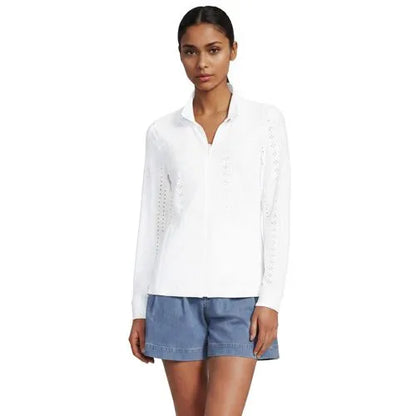 Women's Long Sleeve Sunshade Full Zip Jacket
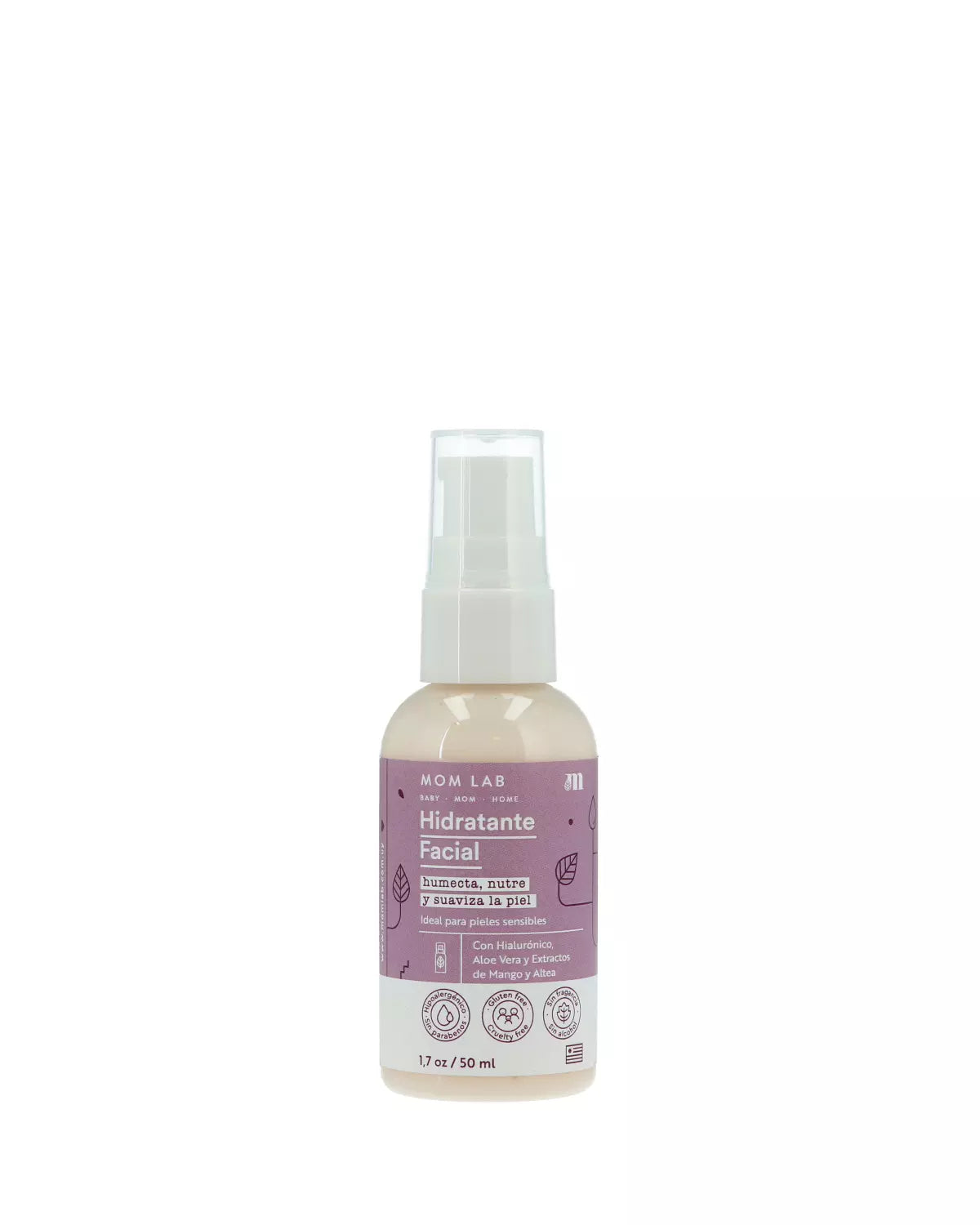 Hidratante facial Mom Lab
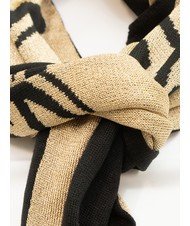 MOSCHINO BOUTIQUE LOGO Scarf black/beige - Scarves - 3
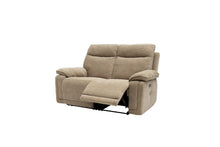 Load image into Gallery viewer, Clarence Fabric Electric 2 Seater Recliner - Camel
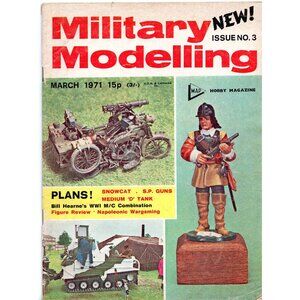 Vintage Military Modelling Magazine March 1971 Issue No. 3 Plans & Reviews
----
▶ **WORK TO COMPLETE**:
Copy out every line above, word for word, minus images.

▶ **EXPECTED ANSWER**:
 Women's Long Sleeve Sunshade Full Zip Jacket
 Hidratante facial Mom Lab
 MOSCHINO BOUTIQUE LOGO Scarf black/beige - Scarves - 3
 Load image into Gallery viewer, Clarence Fabric Electric 2 Seater Recliner - Camel
 Vintage Military Modelling Magazine March 1971 Issue No. 3 Plans & Reviews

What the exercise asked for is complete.